Junior Research Group Leader, School of Public Health, Department of Epidemiology and International Public Health, Bielefeld University, Bielefeld, Germany. Correspondence:
Sex Reprod Health Matters. 2021 Dec;29(1):1985814. doi: 10.1080/26410397.2021.1985814.

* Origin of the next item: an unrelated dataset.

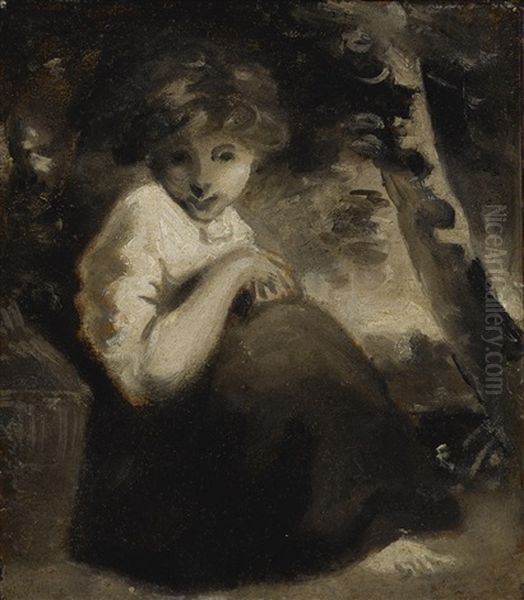 Portrait Of A Girl With A Bird - view 1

Medical abortion (MA) is recommended by the WHO as a safe and effective pregnancy termination method in the first trimester. From a feminist perspective, it is a non-medicalised, self-managed, emancipating procedure allowing persons seeking abortion to be more in control of their abortion, as opposed to surgical procedures. In European countries where MA is legal, the proportion of MA (relative to surgical abortions) varies greatly. We hypothesised that this ratio may be partly explained by country-level dimensions of gender equality. We assessed the association between MA ratios and gender equality in Europe in correlation and regression analyses, using several country-level gender equality indices. The relevance of other factors, i.e. date of introduction of MA and pregnancy week until which MA is permitted, was also investigated. MA ratios ranged from 24.4% (Italy) to 97.7% (Finland). MA was more frequent relative to surgical abortion in countries with higher levels of gender equality. All gender equality indices were associated with MA ratios (e.g. Global Gender Gap Index corr. coeff: 0.761, < 0.0001). Specifically, markers of economic and political gender equality seemed to drive the correlations. The pregnancy week until which MA is permitted was associated with both gender equality and MA ratios. Our study suggests that women's participation in the economic and political sphere may have repercussions on the methods offered and used through abortion services. It highlights the link between feminist perspectives, reproductive health policies and practices, and gender equality, especially in terms of access to economic resources and political representation.
医疗流产(MA)被世界卫生组织推荐为在妊娠早期安全有效的终止妊娠方法。从女权主义的角度来看,它是非医疗化、自我管理、解放性的程序,允许寻求堕胎的人更好地控制自己的堕胎,而不是手术程序。在 MA 合法的欧洲国家,MA 的比例(相对于手术堕胎)差异很大。我们假设,这种比例可能部分可以用性别平等的国家层面维度来解释。我们使用了几种国家层面的性别平等指数,对欧洲 MA 比率与性别平等之间的相关性和回归分析进行了评估。还调查了其他因素,即 MA 的引入日期和允许 MA 的妊娠周数的相关性。MA 比率从 24.4%(意大利)到 97.7%(芬兰)不等。在性别平等程度较高的国家,MA 相对于手术堕胎更为常见。所有性别平等指数都与 MA 比率相关(例如,全球性别差距指数相关系数:0.761,<0.0001)。具体来说,经济和政治性别平等的标志似乎推动了相关性。允许 MA 的妊娠周数与性别平等和 MA 比率都有关。我们的研究表明,妇女参与经济和政治领域可能会对堕胎服务提供和使用的方法产生影响。它强调了女权主义观点、生殖健康政策和实践与性别平等之间的联系,特别是在获得经济资源和政治代表权方面。